→ PROVIDED MATERIAL

++++++++++

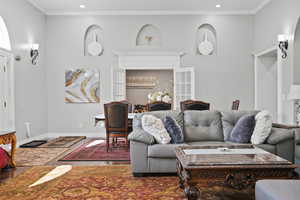 Living room featuring ornamental molding, wood finished floors, and recessed lighting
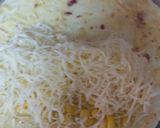 A picture of step 6 of Domino's style stuffed cheese garlic bread.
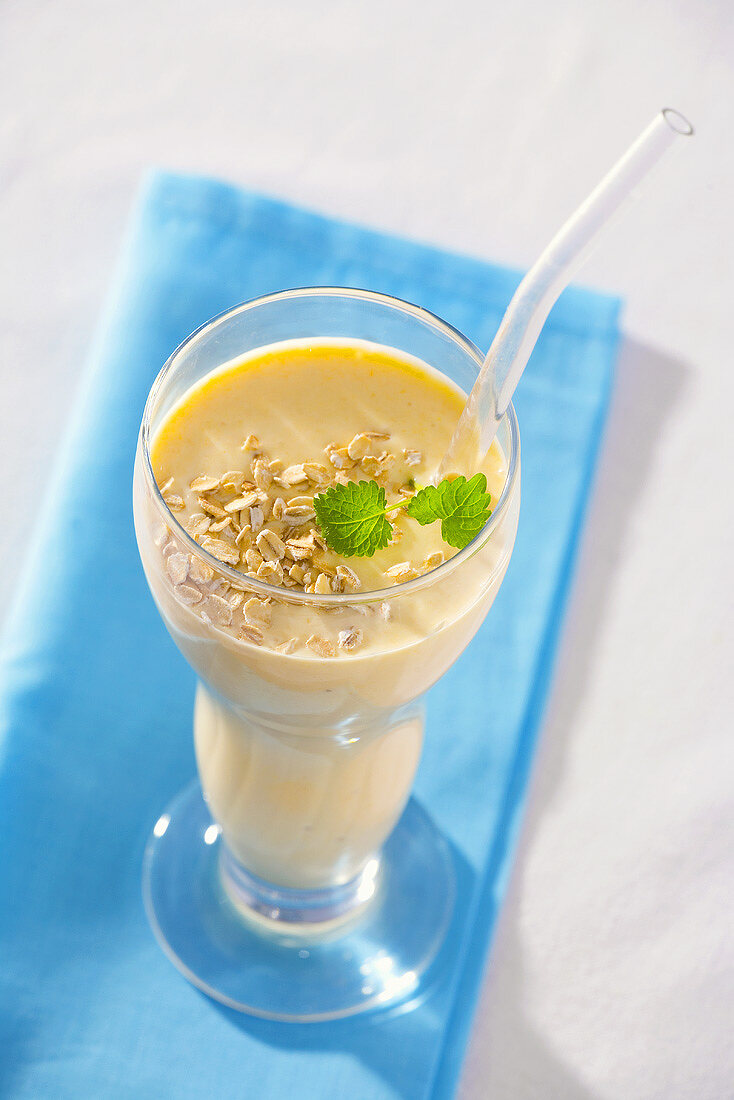 Orange and peach drink with rolled oats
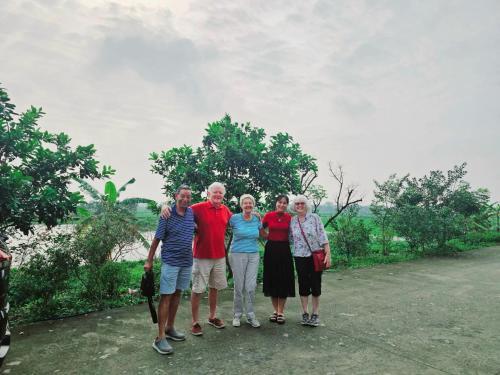 a group of people posing for a picture on a road at Lotus Hotel Ninh Bình in Ninh Binh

++++++++++

→ WORK TO BE COMPLETED
Retype the data above exactly. Do not carry over any images.

→ RESPONSE
 Living room featuring ornamental molding, wood finished floors, and recessed lighting
 A picture of step 6 of Domino's style stuffed cheese garlic bread.
 Orange and peach drink with rolled oats
 a group of people posing for a picture on a road at Lotus Hotel Ninh Bình in Ninh Binh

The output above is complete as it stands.